Our third graph, We can see that our redline has an upward trend and that are residuals get more spread our as the fitted values increase. We know these are not spread equally.
In our fourth graph, we see that we have outliers that have a large affect on our linear model. We should look to remove these.
Goals and Age:
par(mfrow = c(2,2))
plot(lm.goal.age)
In our first graph, We can see most of our values are above the 0 line and that there is a little bit of heteroscedasticity as age increases.
Similar to our others, our QQ graph does not a follow a normal distribution for our residuals for the same reasons as above.
On our scale-location graph, this has less of an upward trend than the other two with residuals more evenly spread, but there are still a lot more residuals spread above our line than below.
Our fourth graph also shows that there are some large outliers having a large affect on our model.
The Gauss Markov Assumptions which are also known as conditions are as follows.
Linearity: Is that the relationship between the dependent and independent variable is linear. As we saw from our graphs and calculation, we have a mix of linearity. It holds for games played to goals but not for position to goals.
Independence: Is the independence of errors across all observations. In summary, one error is not related with another. This does not hold.
Homoscedasticity: Is defined as the variance of errors known as residuals should be constant across all levels of independent variables. This does not hold as it is not constant across all independent variables.

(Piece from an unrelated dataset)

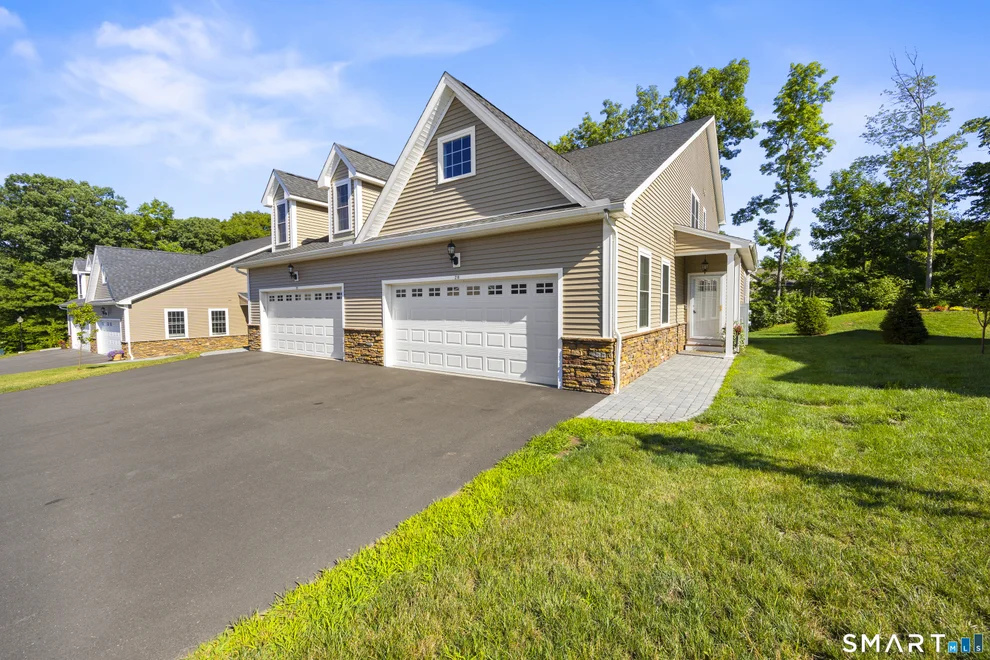 Unit for sale at 218 Boulder Court, Bristol, CT 06010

No Perfect Multicollinearity: This tells us that the independent variables should not be perfectly correlated with one another. This holds as they are not perfectly correlated.
Zero Conditional Mean (or Expected Value of Residuals): This means that the expected value of the residuals is zero for all the values of independent variables. This does not hold.
Normality: The error term is normally distributed. This is represented from our QQ plot. This does not hold as seen from our QQ graph and residual section.
OLS stands for Ordinary Least Squares. BLUE stands for Best Linear Unbiased Estimator. This is used to estimate the parameters of a linear regression model by minimizing the sum of squared differences between the observed and predicted values.